What's more fun—bonds or professional baseball? When asked about the amount of time spent running the day-to-day operations of his Chicago-based investment firm, Incapital, Tom Ricketts doesn't hesitate.
“I’m actually pretty busy with that baseball team over your shoulder,” Ricketts quips, pointing to a television screen running a highlight reel.
The chairman of both Incapital and the Chicago Cubs (after leading his family’s acquisition in 2009), nonetheless still has a strong hand in the firm, and begins by noting its role as “a pioneer in offering corporate bonds through brokerage firms to investors.”
“We’ve now moved on to distribute additional products such as brokered deposits and UITs,” he adds.
Today, Incapital underwrites and distributes fixed income securities and structured notes through more than 700 broker-dealers, institutions, advisors and wealth managers.
When asked about the firm’s legacy of innovation and how it’s sidestepped the regulatory issues so many other firms have experienced when introducing “great, new products” to the market, only to subsequently go bust, Ricketts simply claims that “Each and every product we’ve offered has been thoroughly thought through from the standpoint of the investor at every level.”
That simplicity translates to everything the firm does.

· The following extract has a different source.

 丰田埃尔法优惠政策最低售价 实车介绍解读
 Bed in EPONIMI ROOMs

“We’re very consistent in our messaging; we tell investors not to time the market or put all their eggs in one basket, rather, follow a roadmap and don’t overact to market events.”
Sounds basic enough, but coming from a major league baseball owner seems to give it added heft.

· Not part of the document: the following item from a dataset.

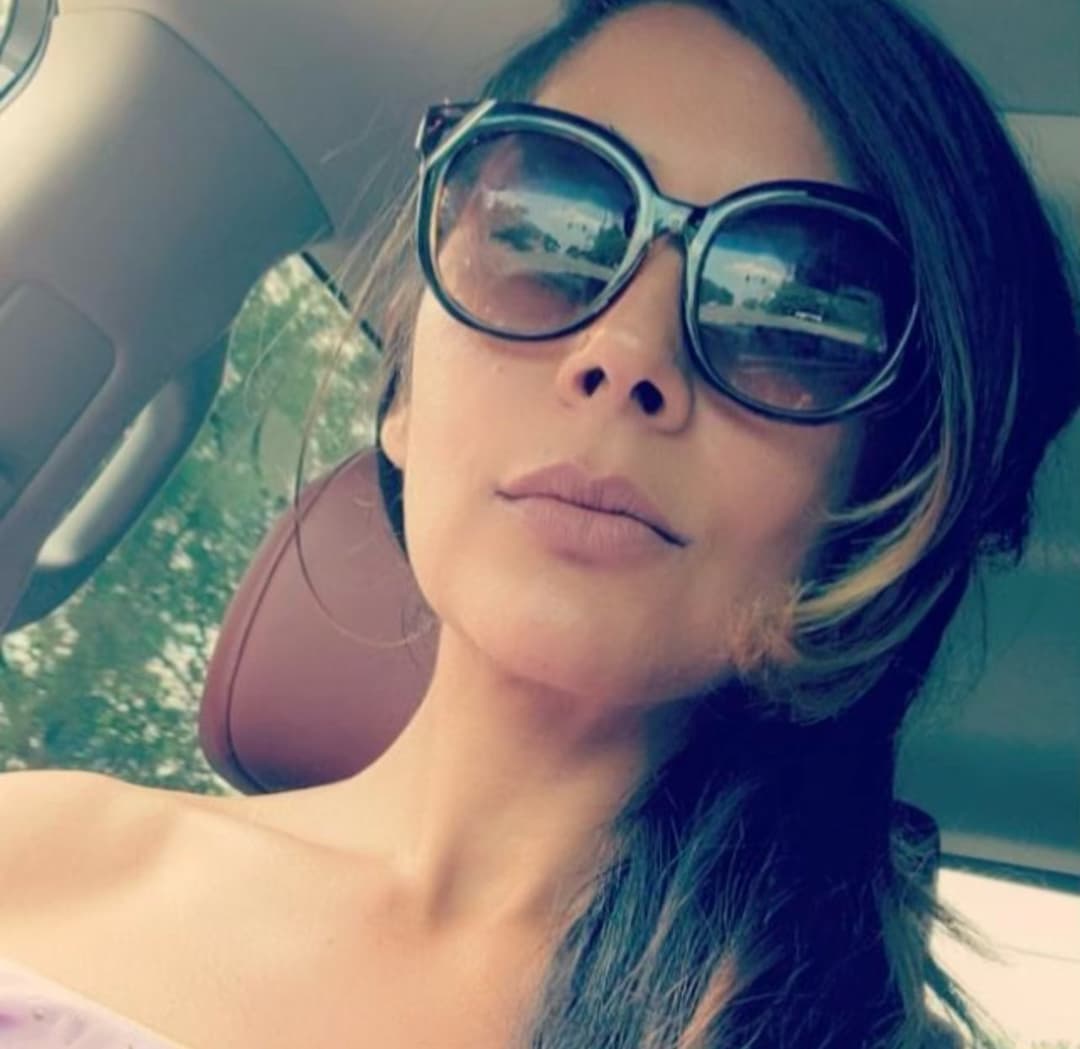 Click to view full size Cheating indian wife milf takes her first bbc with husbands friend squirts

His latest passion are community investment notes, a form of SRI that doesn’t tangle with screens, arguments over sacrificed returns and opportunity costs like equity-based socially responsible investing.
“For everyone looking for SRI, here it is,” he emphatically states (for Ricketts anyway). “It’s like buying a bank CD or as simple as buying any other financial instrument. It’s not luck, but rather by design that they’re safe, have low transaction costs and low friction.”
Arguing that there are no “real, tangible opportunity costs, “it’s a way to do social good and enjoy returns.”
When asked about his “skin in the game” with the product he is promoting, he says his broker calls when the notes mature and he simply rolls them over.
“It’s very direct, and with none of the complaints heard on the equity SRI side. The notes are used for affordable housing, to help start businesses and for micro lending in other countries. They have extremely low default rates.”
As to his other love, the Cubs, and the renovations currently happening at famed Wrigley Field, he mentions the intricacies (delicately put) of dealing with Chicago politics—and waiting for the right opportunities to move the renovation process ahead.
Speaking of waiting, he concludes it’s something fixed income investors can’t afford to do.
“Sure, in the current environment, you might want to shorten your ladder, but the key is to not just do nothing. You can’t park it somewhere and get zero percent.”